« Comment se fait-il que nos jeunes gens au corps robuste et à l’âme bien trempée soient saisis presque tous, un jour ou l’autre, d’un fol désir de grand large ? Et vous-même, oui, vous, pourquoi avez-vous éprouvé, lors de votre première croisière en qualité de simple passager, ce mystérieux frisson quand on vous apprit que le navire se trouvait en pleine mer ? »

Herman Melville, Moby Dick

Une histoire qui s’écrit

Le voilà le grand large, pour tous ceux qui aspirent à participer à des pages d’histoire, quelle que soit la place à prendre… On se souviendra du rôle du personnel soignant, en particulier. Mais d’autres professions sont aussi sur le front pour nous nourrir, pour nous assurer un minimum de confort, pour préserver l’équilibre social, économique de notre pays et de nos institutions, pour imaginer de nouveaux moyens d’assurer la continuité de leurs activités, redonnant une signification encore plus profonde au sens du service. Des acteurs qui se fichent pas mal de mettre leur nom dans les manuels d’histoire mais qui donnent malgré tout des impulsions à nos solutions d’adaptation.

Beaucoup de textes en ce moment pour déclarer que plus rien ne sera jamais comme avant, que tout va changer, que nous assisterons à des prises de conscience, et blablaba.

L’obsession de vouloir toujours donner un sens aux décisions, aux actions, de manière souvent prématurée, la volonté d’accorder une valeur morale à nos choix (nous ne cessons de lire des propos critiquant la pertinence des choix de tous les décideurs…), tout cela semble de nouveau être une grande preuve de notre confusion et de mélange dans la compréhension des couples de termes faiblesse et fragilité, indécision et doute, confusion et incertitude, partialité et prévention, précipitation et courage…

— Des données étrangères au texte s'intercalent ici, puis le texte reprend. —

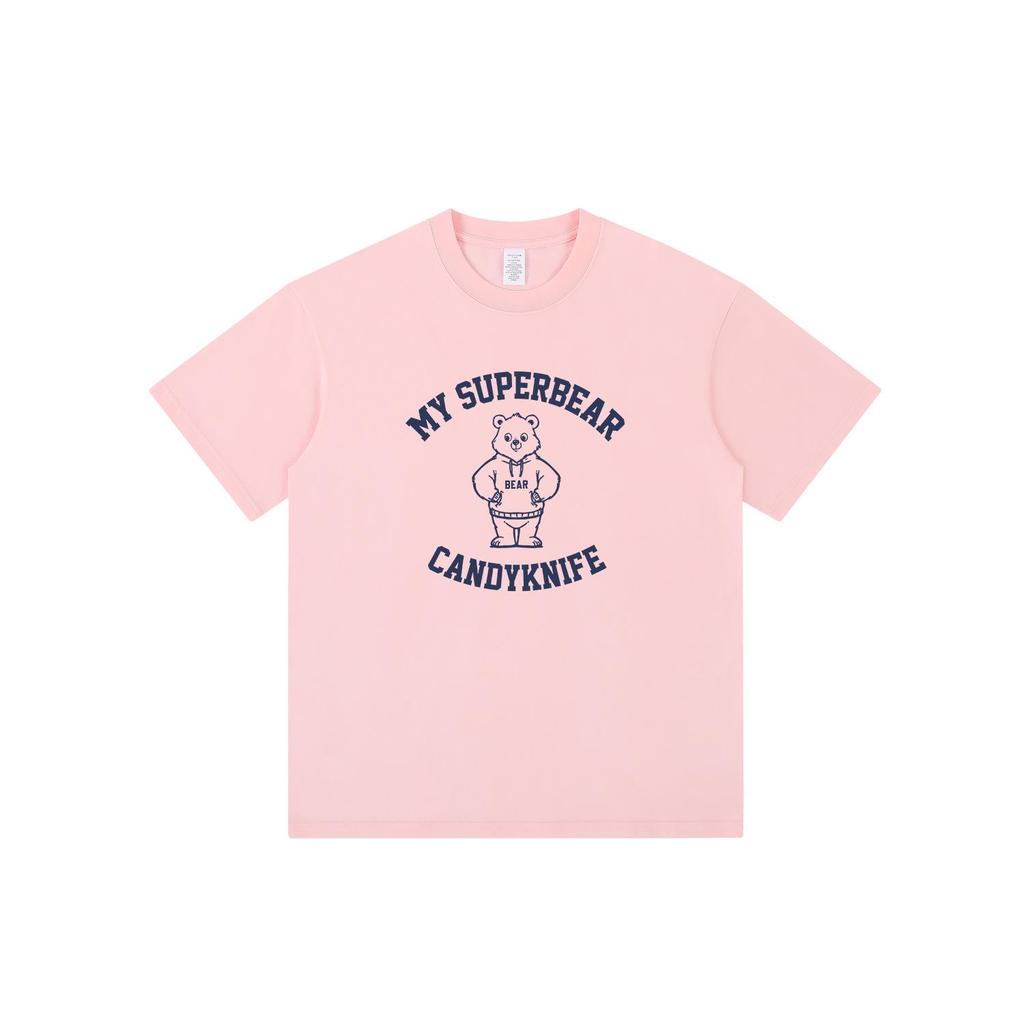 Unisex Oversized Bear Print Retro T-Shirt - Pure Cotton, Short Sleeve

S’il est bien compréhensible que nous ayons tous besoin de commenter l’actualité, gardons-nous bien de jouer les experts et de regarder avec condescendance ceux qui sont au combat et doivent agir à toute vitesse, restant le plus possible attentifs à tous les signaux de l’environnement, forts ou faibles… C’est l’action qui développe leur acuité sensorielle et cognitive, ce n’est pas la contemplation. Observons à quel point l’intuition les guide…. tel le geste d’un artiste, ou d’un génie de n’importe quel domaine, telle la justesse de l’agent du raid en plein drame… Justesse et précision, et non pas justice et morale, l’heure est à l’action.

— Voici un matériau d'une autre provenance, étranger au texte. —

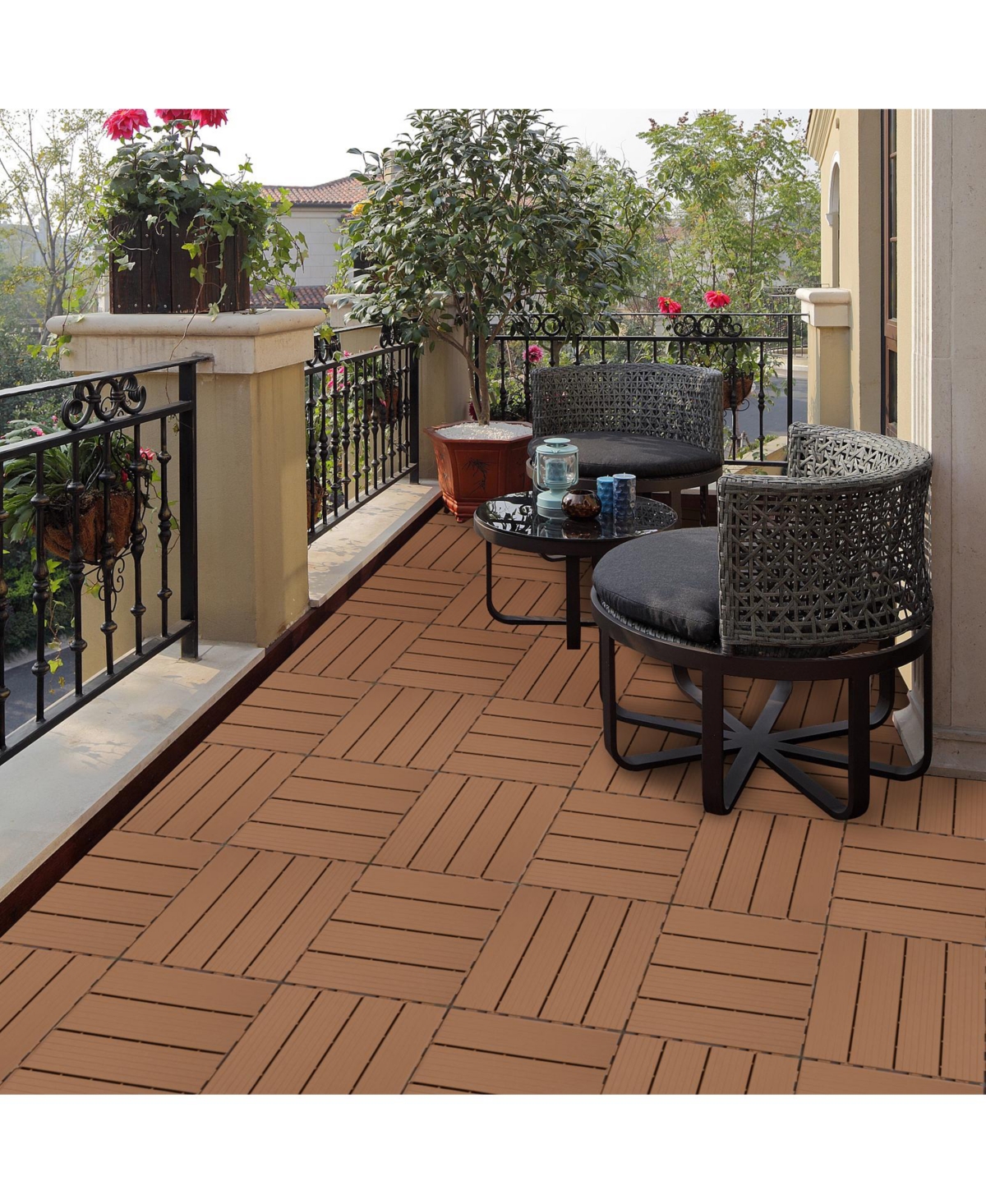 Streamdale Furniture Plastic Interlocking Deck Tiles, 11.8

« Le mental intuitif est un don sacré et le mental rationnel est un serviteur fidèle. Nous avons créé une société qui honore le serviteur et a oublié le don » avertissait Einstein.

Réhabilitation de l’intuition dans nos activités ?

L’intuition est souvent malmenée dans nos organisations, déconsidérée, oubliée… Et là il suffit de regarder tous ceux qui sont sur le front pour s’apercevoir qu’elle est salutaire en période d’urgence ; qu’elle s’accompagne de l’humilité de tous ceux qui sont vraiment utiles et qui donc, savent aussi profiter des temps de silence pour se ressourcer au lieu de participer au tintamarre ambiant fourni par les commentateurs.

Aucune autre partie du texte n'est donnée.